THE TASK -
Which lines hold the word "Five"? Copy each of them from the material.

RECORDED DATA -
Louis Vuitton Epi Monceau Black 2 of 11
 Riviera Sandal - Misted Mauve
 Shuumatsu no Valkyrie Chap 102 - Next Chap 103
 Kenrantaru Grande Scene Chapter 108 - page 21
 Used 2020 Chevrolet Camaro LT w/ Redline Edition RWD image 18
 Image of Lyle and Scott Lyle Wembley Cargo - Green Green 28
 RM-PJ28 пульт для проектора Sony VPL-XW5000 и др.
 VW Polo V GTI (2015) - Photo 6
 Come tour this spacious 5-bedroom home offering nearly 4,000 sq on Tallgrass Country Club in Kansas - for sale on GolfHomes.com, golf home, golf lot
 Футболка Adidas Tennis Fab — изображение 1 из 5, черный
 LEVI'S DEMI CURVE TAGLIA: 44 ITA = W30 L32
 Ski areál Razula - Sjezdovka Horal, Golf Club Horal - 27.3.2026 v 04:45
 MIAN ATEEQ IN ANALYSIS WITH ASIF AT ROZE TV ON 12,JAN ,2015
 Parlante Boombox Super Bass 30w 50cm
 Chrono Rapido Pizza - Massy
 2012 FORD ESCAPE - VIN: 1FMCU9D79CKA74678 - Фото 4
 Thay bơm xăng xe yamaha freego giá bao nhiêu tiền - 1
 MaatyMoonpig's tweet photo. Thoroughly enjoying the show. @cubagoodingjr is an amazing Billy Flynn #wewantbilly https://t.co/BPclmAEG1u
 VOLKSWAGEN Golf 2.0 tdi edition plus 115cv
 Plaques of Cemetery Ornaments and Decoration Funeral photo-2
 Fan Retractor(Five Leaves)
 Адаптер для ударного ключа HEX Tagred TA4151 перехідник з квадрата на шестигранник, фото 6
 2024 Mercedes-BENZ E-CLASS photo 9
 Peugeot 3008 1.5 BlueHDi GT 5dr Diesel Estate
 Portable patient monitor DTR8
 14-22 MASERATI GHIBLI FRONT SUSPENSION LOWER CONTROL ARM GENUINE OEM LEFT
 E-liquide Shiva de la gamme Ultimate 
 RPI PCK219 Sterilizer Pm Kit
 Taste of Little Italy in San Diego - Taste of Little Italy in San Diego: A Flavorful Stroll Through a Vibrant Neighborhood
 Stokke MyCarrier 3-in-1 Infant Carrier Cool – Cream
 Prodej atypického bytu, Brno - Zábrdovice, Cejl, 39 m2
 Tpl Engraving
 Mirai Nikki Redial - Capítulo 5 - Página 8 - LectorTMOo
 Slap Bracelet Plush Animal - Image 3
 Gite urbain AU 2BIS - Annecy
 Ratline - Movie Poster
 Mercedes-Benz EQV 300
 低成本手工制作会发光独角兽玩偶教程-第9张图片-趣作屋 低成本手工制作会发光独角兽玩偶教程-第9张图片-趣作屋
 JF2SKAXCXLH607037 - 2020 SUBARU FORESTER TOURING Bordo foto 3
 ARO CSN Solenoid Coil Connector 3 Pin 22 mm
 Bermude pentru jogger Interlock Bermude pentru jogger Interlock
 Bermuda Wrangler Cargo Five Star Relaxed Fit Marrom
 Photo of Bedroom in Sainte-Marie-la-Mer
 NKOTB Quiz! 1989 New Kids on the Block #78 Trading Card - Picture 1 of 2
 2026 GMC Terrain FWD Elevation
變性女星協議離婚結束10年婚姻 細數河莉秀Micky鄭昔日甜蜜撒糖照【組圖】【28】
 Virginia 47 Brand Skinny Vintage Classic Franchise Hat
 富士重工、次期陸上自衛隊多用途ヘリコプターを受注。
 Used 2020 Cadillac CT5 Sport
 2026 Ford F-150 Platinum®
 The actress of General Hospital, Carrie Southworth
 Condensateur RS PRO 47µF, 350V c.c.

PROBLEM SOLUTION -
 Fan Retractor(Five Leaves)
 Bermuda Wrangler Cargo Five Star Relaxed Fit Marrom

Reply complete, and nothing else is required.